**WORK REQUEST**. What you return should match the listing exactly, minus its images.
═════ GIVEN INFORMATION
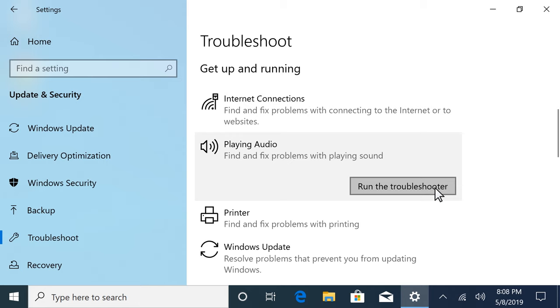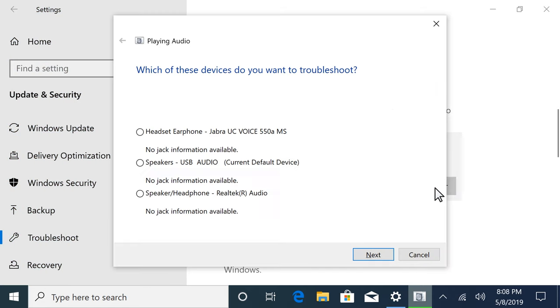Select Run the Troubleshooter. If your computer has multiple audio outputs, select the connection to troubleshoot, and then select Next.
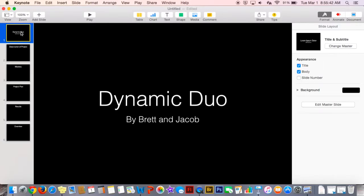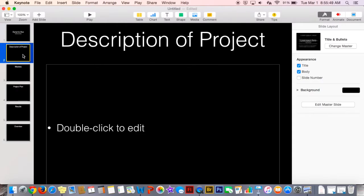Hi, I'm Jacob. I'm Brett. We are going to talk to you about our project that we did for Imagine. We did a PSA about not smoking.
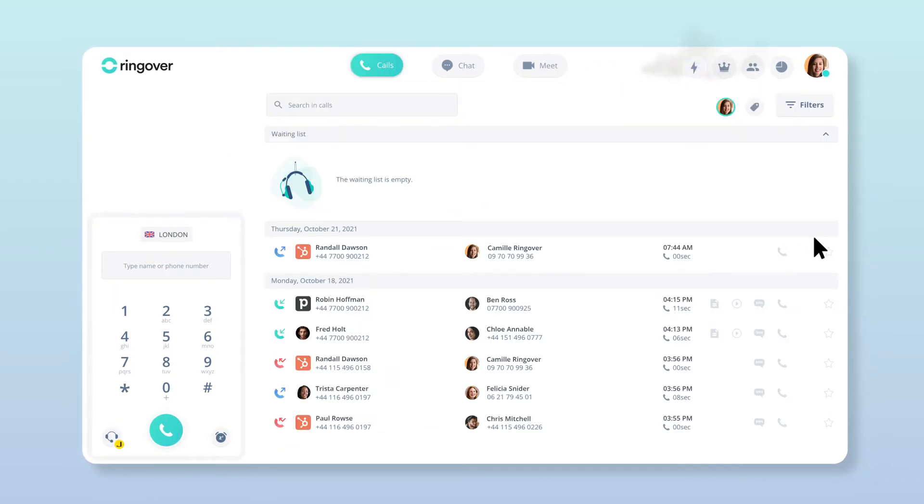Now, before we get too carried away with all of this power at your fingertips, let's go over the different ways to use the PowerDialer.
══════════
**REPLY TO THE EXERCISE**.
Select Run the Troubleshooter. If your computer has multiple audio outputs, select the connection to troubleshoot, and then select Next.
Hi, I'm Jacob. I'm Brett. We are going to talk to you about our project that we did for Imagine. We did a PSA about not smoking.
Now, before we get too carried away with all of this power at your fingertips, let's go over the different ways to use the PowerDialer.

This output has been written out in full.